▸ **EXERCISE PROMPT**:
The reply should contain all the data below, repeated exactly, and none of the images.

++++ DATA PROVIDED ++++

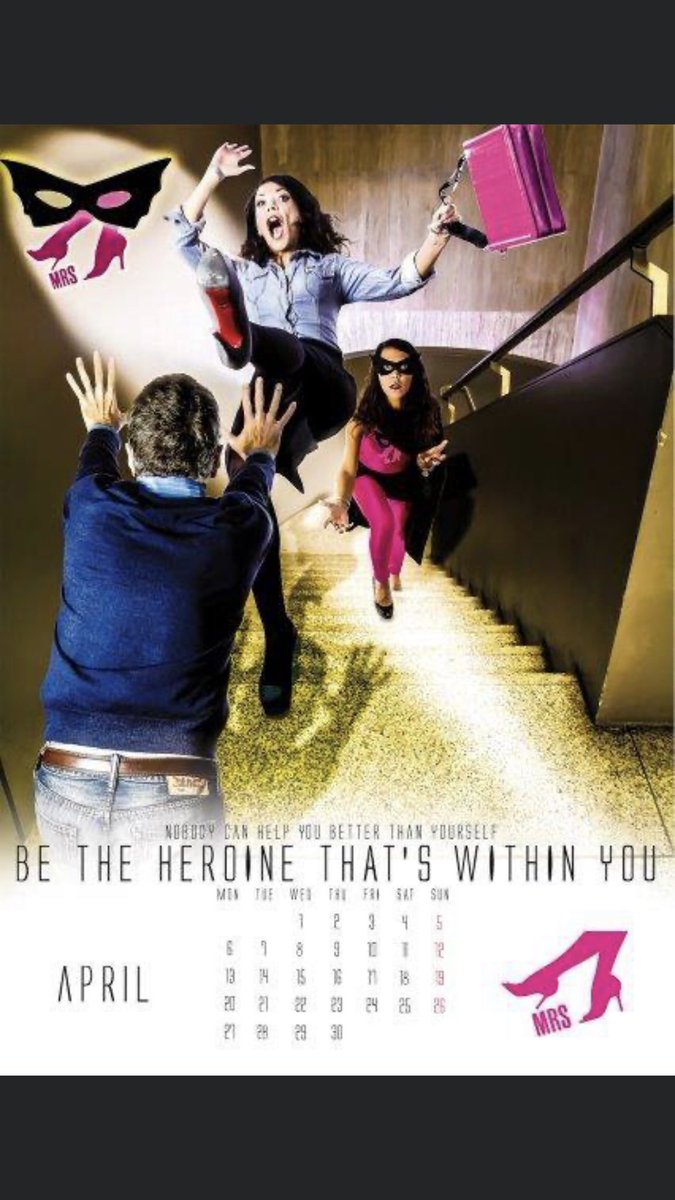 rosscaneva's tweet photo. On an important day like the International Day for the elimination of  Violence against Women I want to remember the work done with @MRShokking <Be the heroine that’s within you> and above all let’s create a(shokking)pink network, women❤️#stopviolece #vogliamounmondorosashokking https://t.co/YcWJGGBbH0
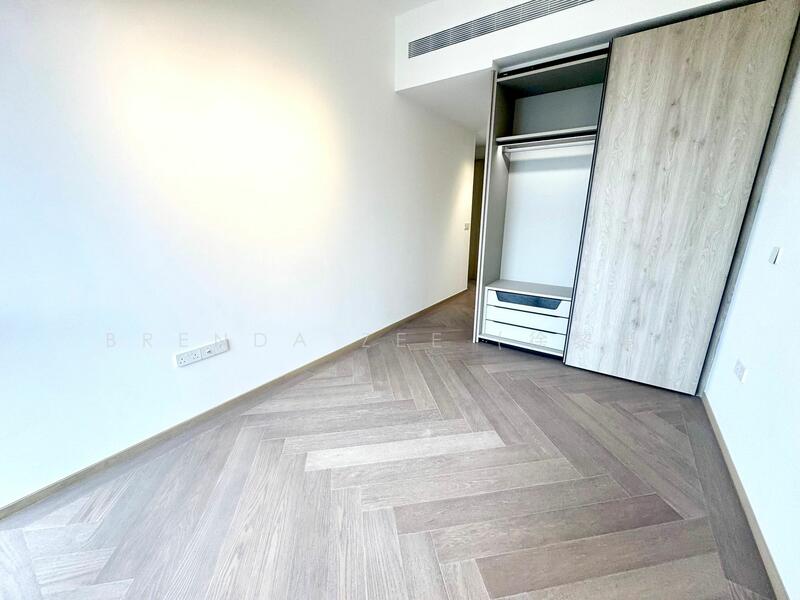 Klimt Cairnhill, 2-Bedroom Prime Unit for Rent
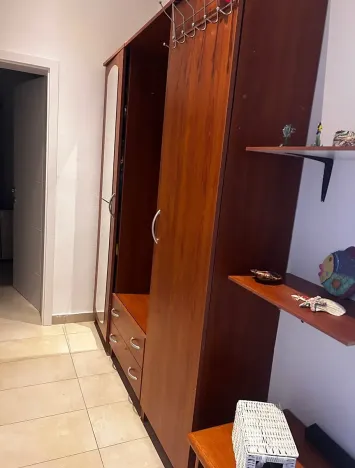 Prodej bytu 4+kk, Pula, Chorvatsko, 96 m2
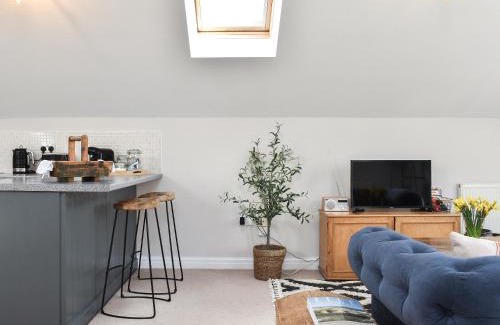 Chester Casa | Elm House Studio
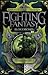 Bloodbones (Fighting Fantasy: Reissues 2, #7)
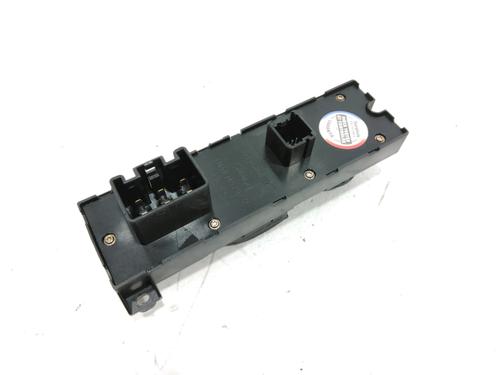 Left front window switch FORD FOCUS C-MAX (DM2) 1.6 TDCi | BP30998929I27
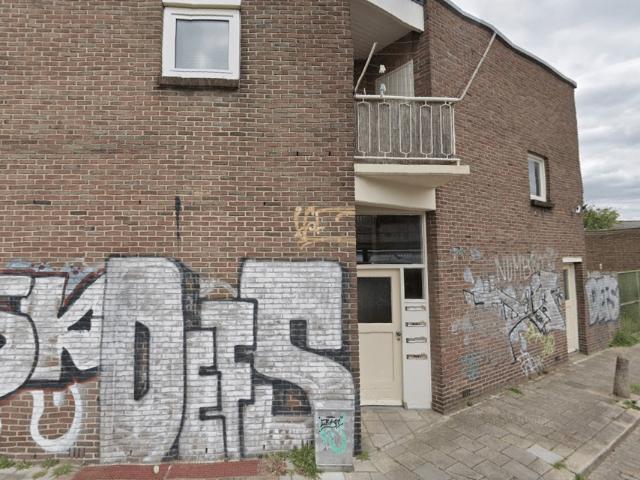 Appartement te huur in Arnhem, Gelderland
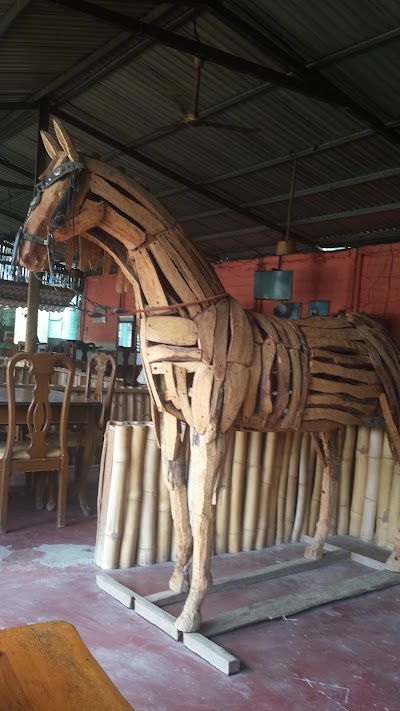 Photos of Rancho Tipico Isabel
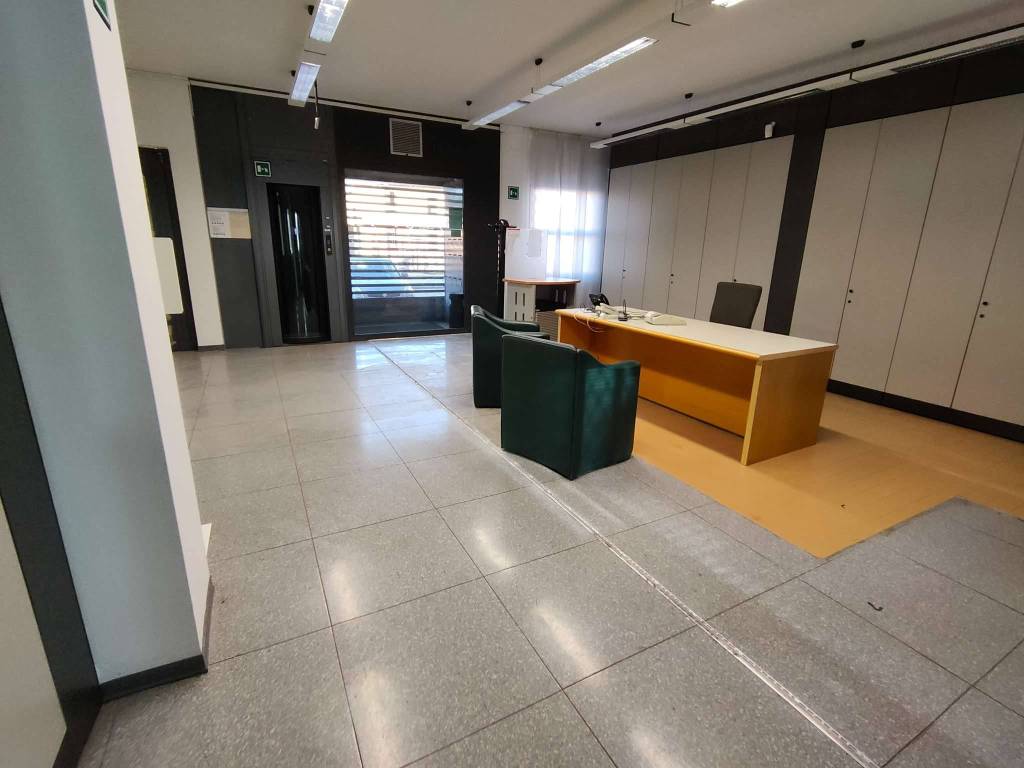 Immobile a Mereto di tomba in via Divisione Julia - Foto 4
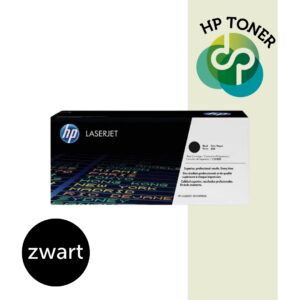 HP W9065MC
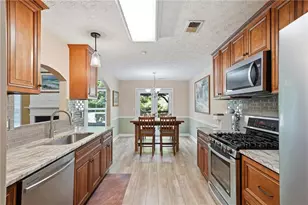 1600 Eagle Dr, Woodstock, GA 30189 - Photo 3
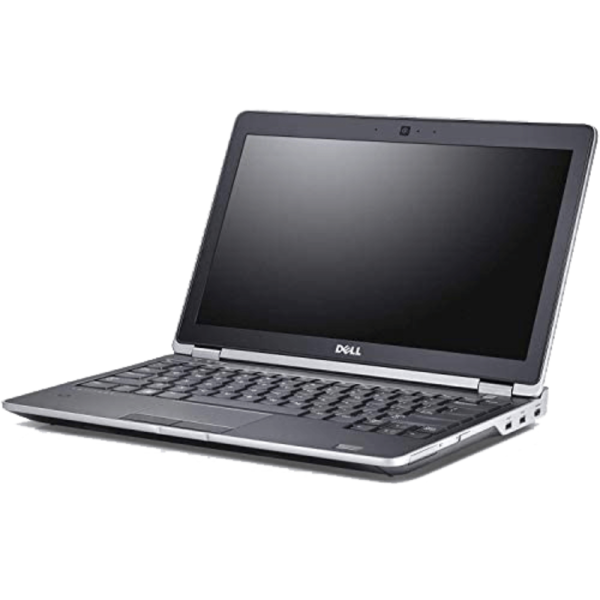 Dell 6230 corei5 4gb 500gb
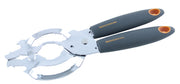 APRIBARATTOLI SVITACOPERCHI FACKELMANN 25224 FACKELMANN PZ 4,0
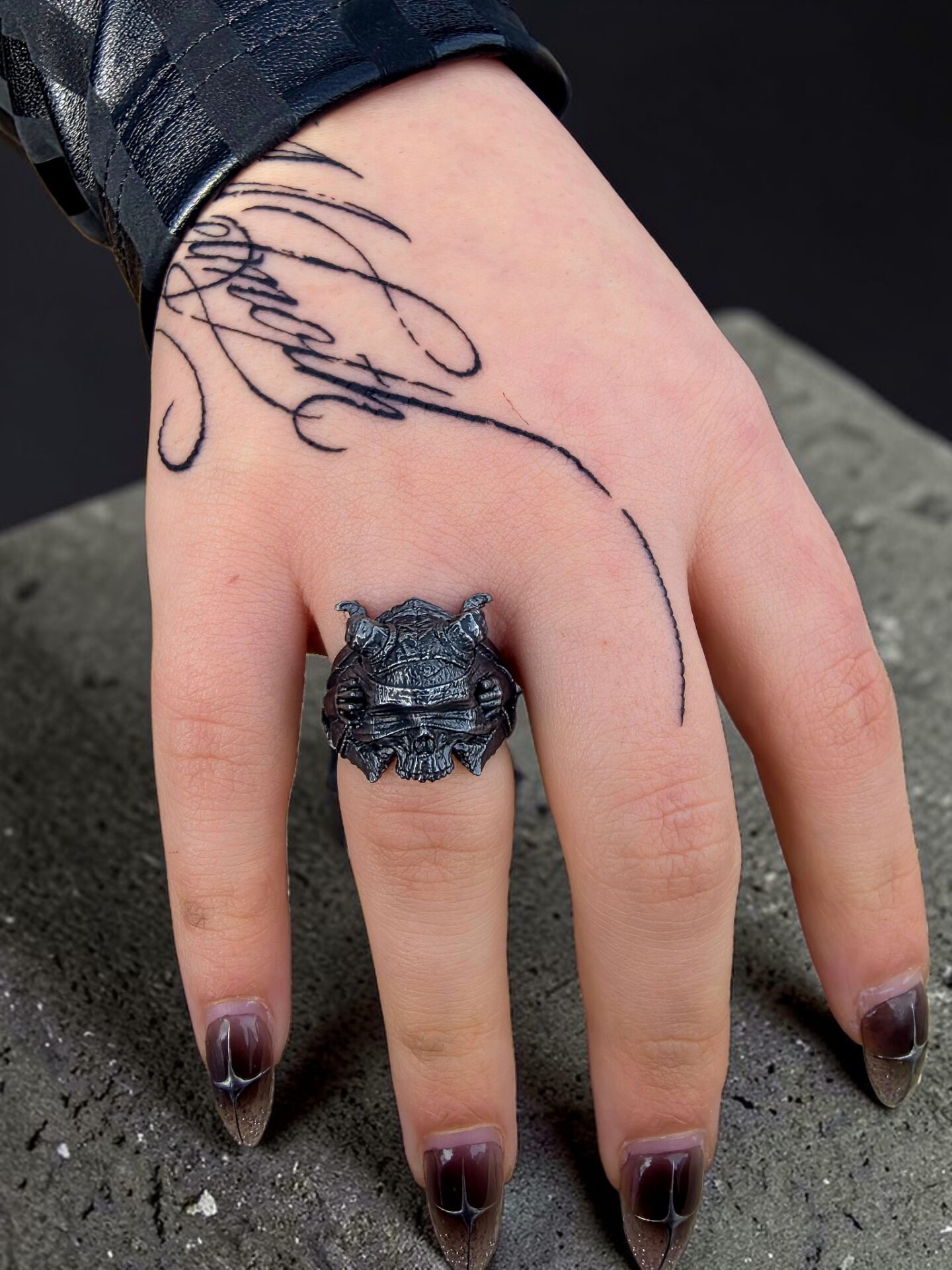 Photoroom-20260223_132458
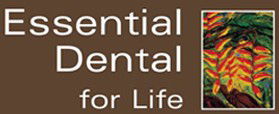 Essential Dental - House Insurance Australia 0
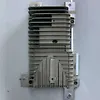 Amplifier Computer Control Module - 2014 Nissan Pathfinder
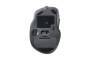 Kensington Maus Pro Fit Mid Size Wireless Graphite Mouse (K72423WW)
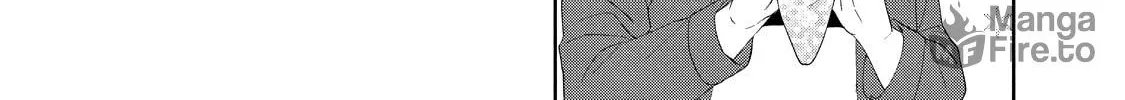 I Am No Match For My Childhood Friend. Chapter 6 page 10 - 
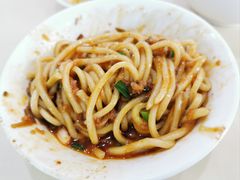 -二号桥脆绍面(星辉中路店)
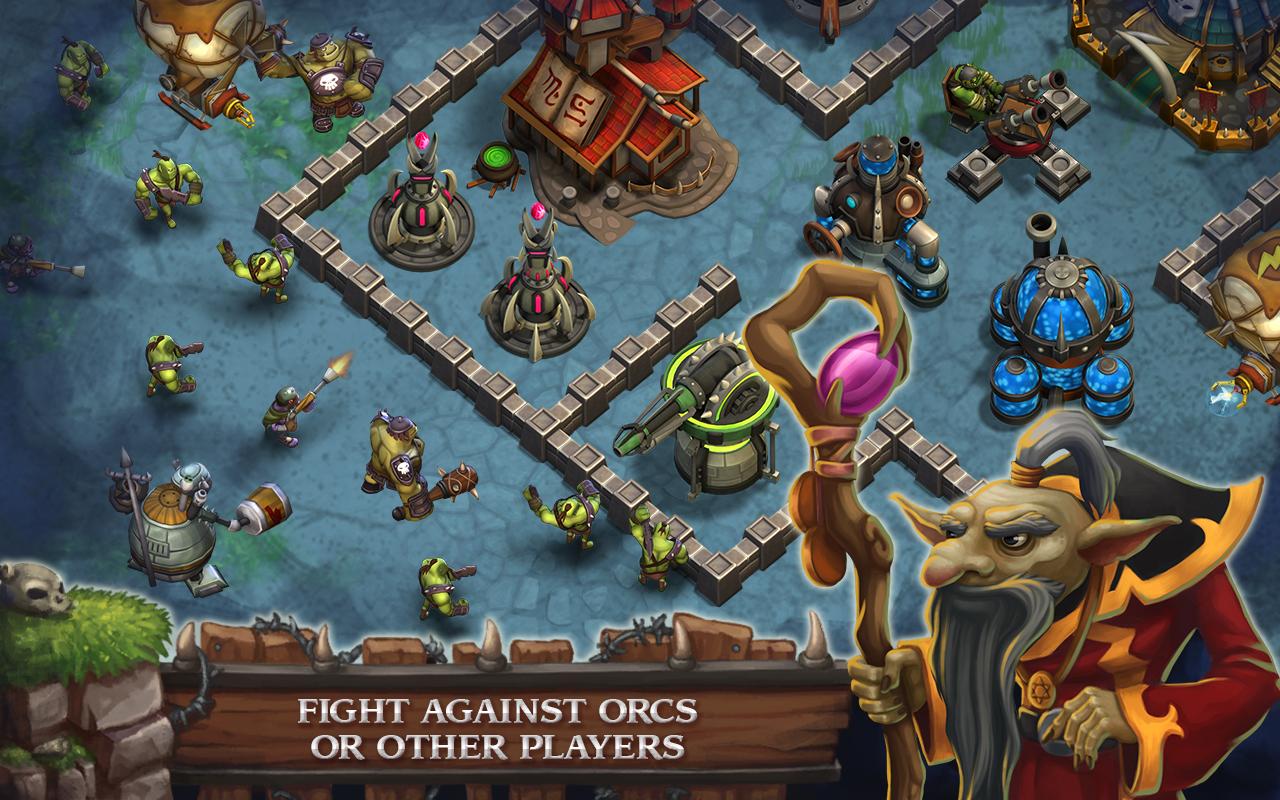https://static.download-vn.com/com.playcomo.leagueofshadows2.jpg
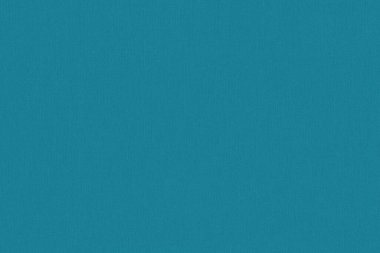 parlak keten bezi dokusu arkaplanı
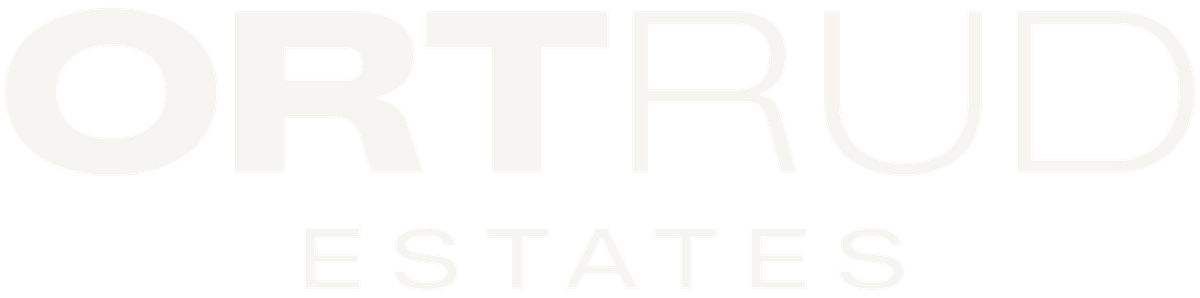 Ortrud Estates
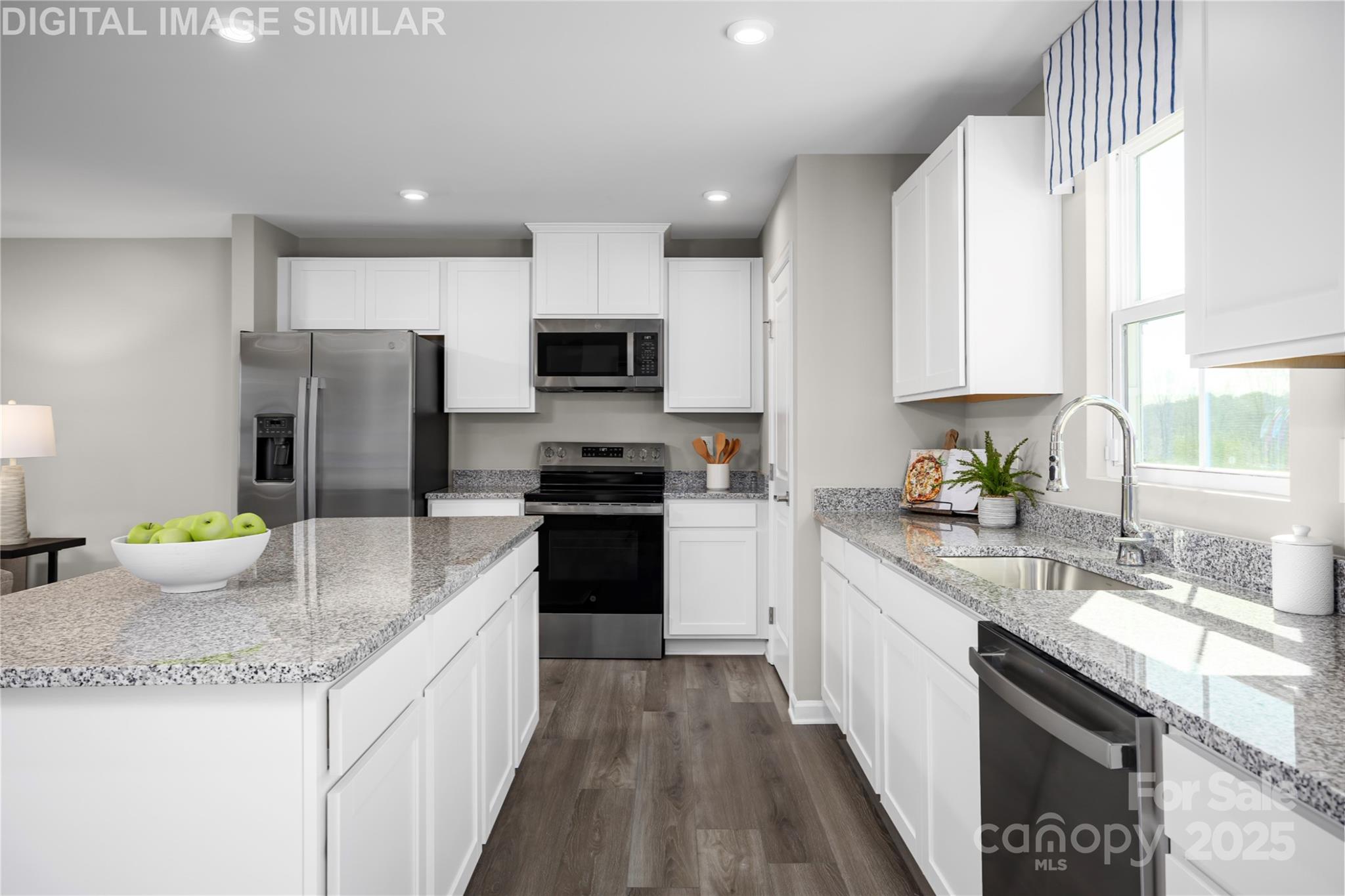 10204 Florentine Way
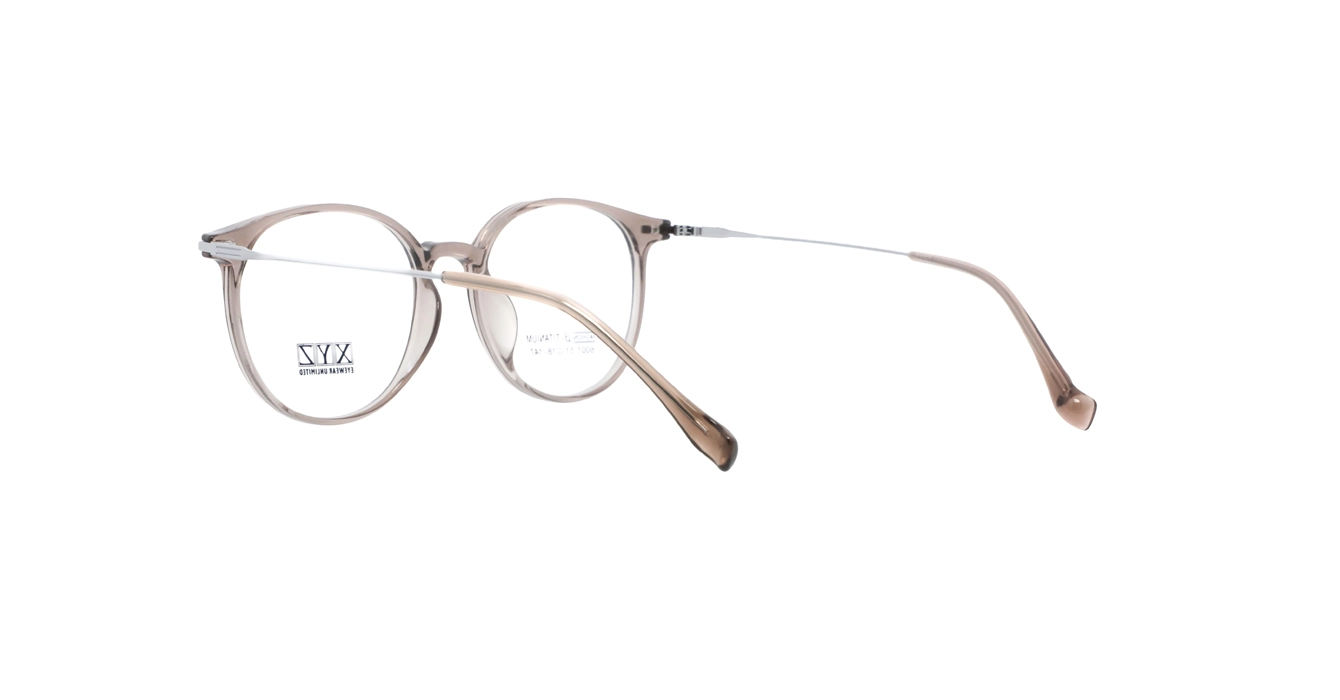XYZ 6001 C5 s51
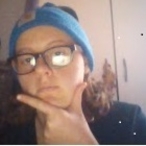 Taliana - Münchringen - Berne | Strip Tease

++++

▸ **EXERCISE OUTPUT**:
 rosscaneva's tweet photo. On an important day like the International Day for the elimination of  Violence against Women I want to remember the work done with @MRShokking <Be the heroine that’s within you> and above all let’s create a(shokking)pink network, women❤️#stopviolece #vogliamounmondorosashokking https://t.co/YcWJGGBbH0
 Klimt Cairnhill, 2-Bedroom Prime Unit for Rent
 Prodej bytu 4+kk, Pula, Chorvatsko, 96 m2
 Chester Casa | Elm House Studio
 Bloodbones (Fighting Fantasy: Reissues 2, #7)
 Left front window switch FORD FOCUS C-MAX (DM2) 1.6 TDCi | BP30998929I27
 Appartement te huur in Arnhem, Gelderland
 Photos of Rancho Tipico Isabel
 Immobile a Mereto di tomba in via Divisione Julia - Foto 4
 HP W9065MC
 1600 Eagle Dr, Woodstock, GA 30189 - Photo 3
 Dell 6230 corei5 4gb 500gb
 APRIBARATTOLI SVITACOPERCHI FACKELMANN 25224 FACKELMANN PZ 4,0
 Photoroom-20260223_132458
 Essential Dental - House Insurance Australia 0
 Amplifier Computer Control Module - 2014 Nissan Pathfinder
 Kensington Maus Pro Fit Mid Size Wireless Graphite Mouse (K72423WW)
 I Am No Match For My Childhood Friend. Chapter 6 page 10 - 
 -二号桥脆绍面(星辉中路店)
https://static.download-vn.com/com.playcomo.leagueofshadows2.jpg
 parlak keten bezi dokusu arkaplanı
 Ortrud Estates
 10204 Florentine Way
XYZ 6001 C5 s51
 Taliana - Münchringen - Berne | Strip Tease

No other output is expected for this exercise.